*** Records for processing Section Begins ***

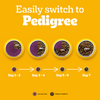 Pedigree New Healthy Belly Adult Dog Dry Food Dogs- Dry Food Pedigree
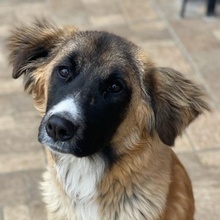 ZALLO, Hund, Mischlingshund in Griechenland - Bild 1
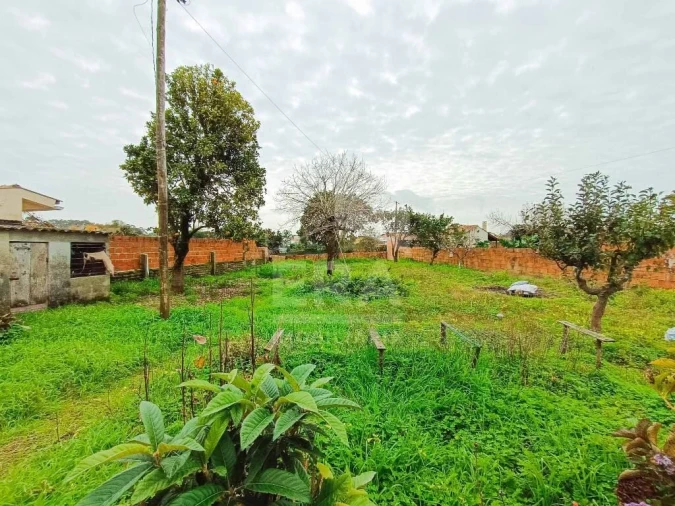 Moradia T5 para Venda em Ílhavo (São Salvador) Foto 5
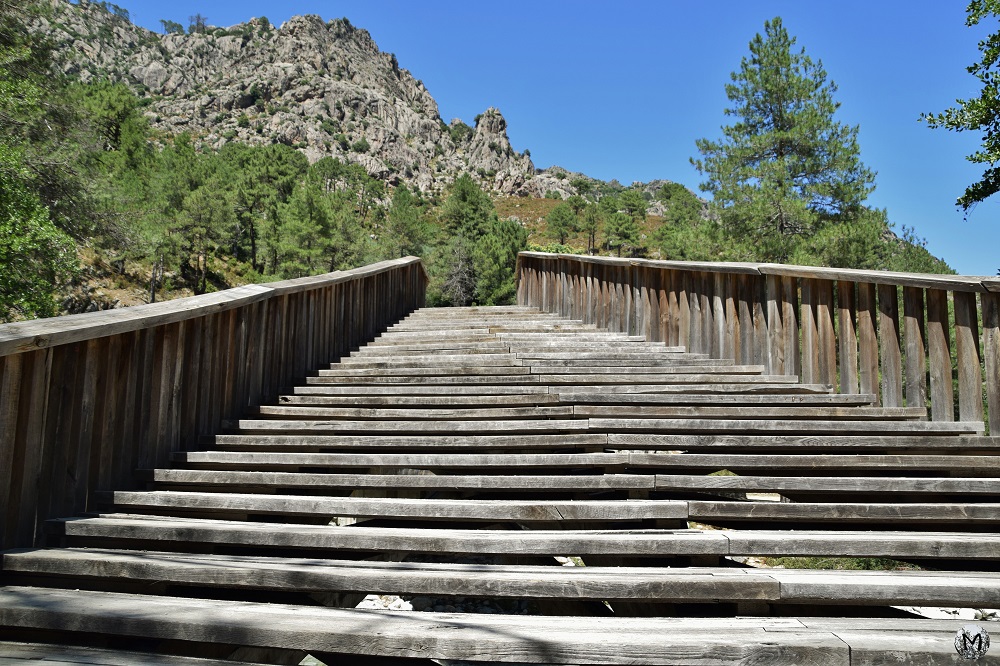 Pont en bois pour traverser la Restonica
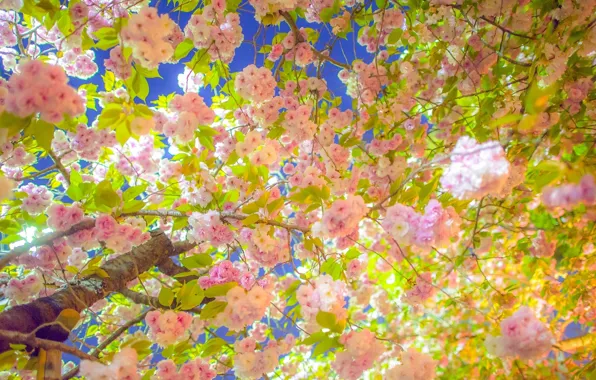 Branches, cherry, tree, spring, Sakura, flowering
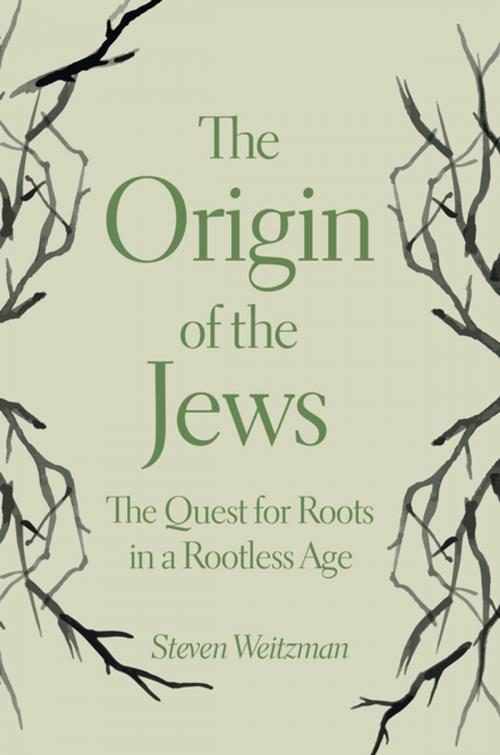 Cover of the book The Origin of the Jews by Steven Weitzman, Princeton University Press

*** Records for processing Section Ends ***

Could you transcribe exactly the lines running from the one with "Branches, cherry, tree, spring, Sakura, flowering" to the final line of the material above, both included, with no pictures?

- Result:
 Branches, cherry, tree, spring, Sakura, flowering
 Cover of the book The Origin of the Jews by Steven Weitzman, Princeton University Press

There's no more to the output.